▶ [SUPPLIED RECORDS]
★ ★ ★
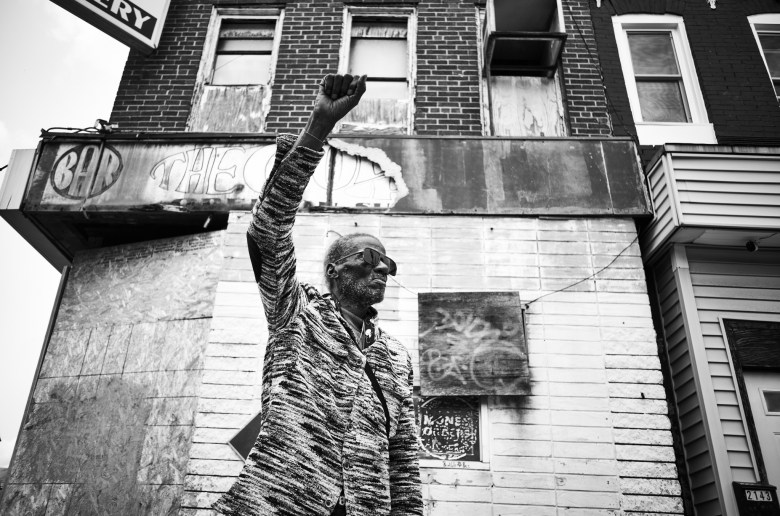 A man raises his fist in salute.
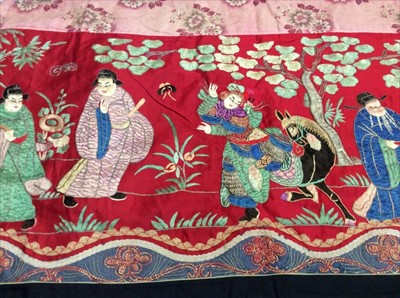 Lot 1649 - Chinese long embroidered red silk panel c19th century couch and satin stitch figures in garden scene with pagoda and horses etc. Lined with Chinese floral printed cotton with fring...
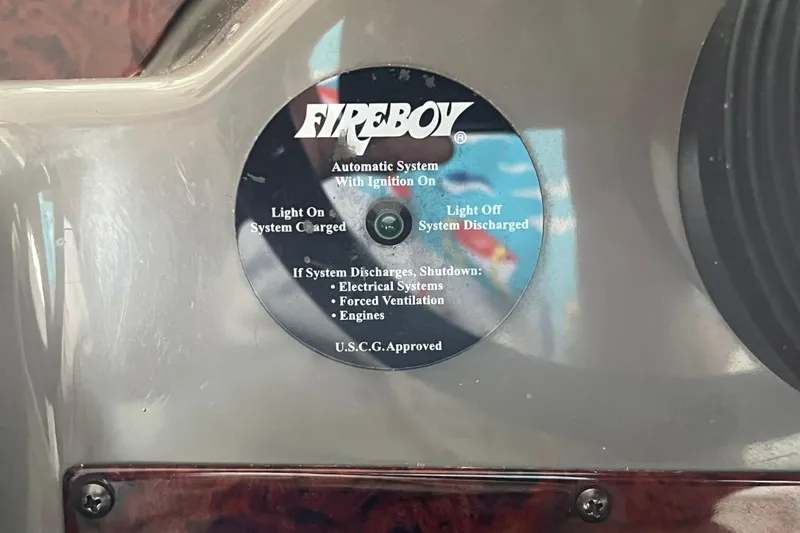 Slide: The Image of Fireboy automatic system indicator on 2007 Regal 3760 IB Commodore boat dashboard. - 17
★ ★ ★
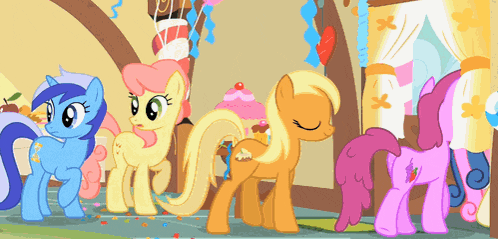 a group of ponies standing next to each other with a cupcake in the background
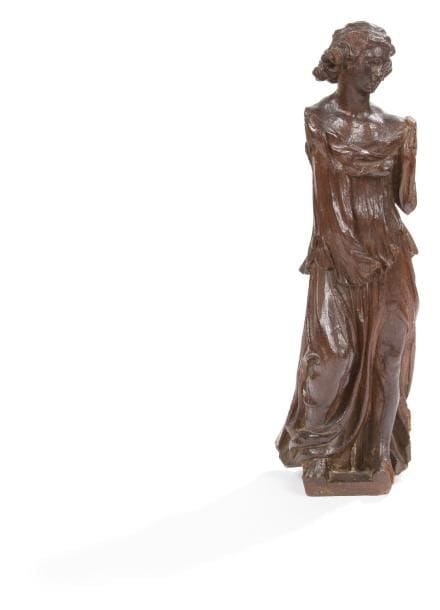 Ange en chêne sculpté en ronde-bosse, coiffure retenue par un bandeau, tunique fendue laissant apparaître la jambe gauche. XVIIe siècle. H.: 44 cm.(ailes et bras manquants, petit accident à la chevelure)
★ ★ ★
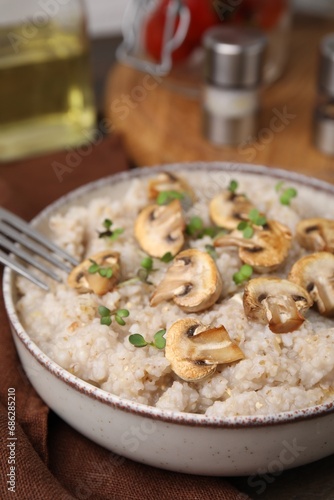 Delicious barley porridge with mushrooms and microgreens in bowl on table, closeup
★ ★ ★
▶ [EXERCISE PROMPT]
A verbatim reproduction is expected: starting at the line above that has "A man raises his fist in salute.", ending at the line that has "Slide: The Image", both included, and with no pictures and no other lines.

▶ [RESPONSE TO THE TASK]
 A man raises his fist in salute.
 Lot 1649 - Chinese long embroidered red silk panel c19th century couch and satin stitch figures in garden scene with pagoda and horses etc. Lined with Chinese floral printed cotton with fring...
 Slide: The Image of Fireboy automatic system indicator on 2007 Regal 3760 IB Commodore boat dashboard. - 17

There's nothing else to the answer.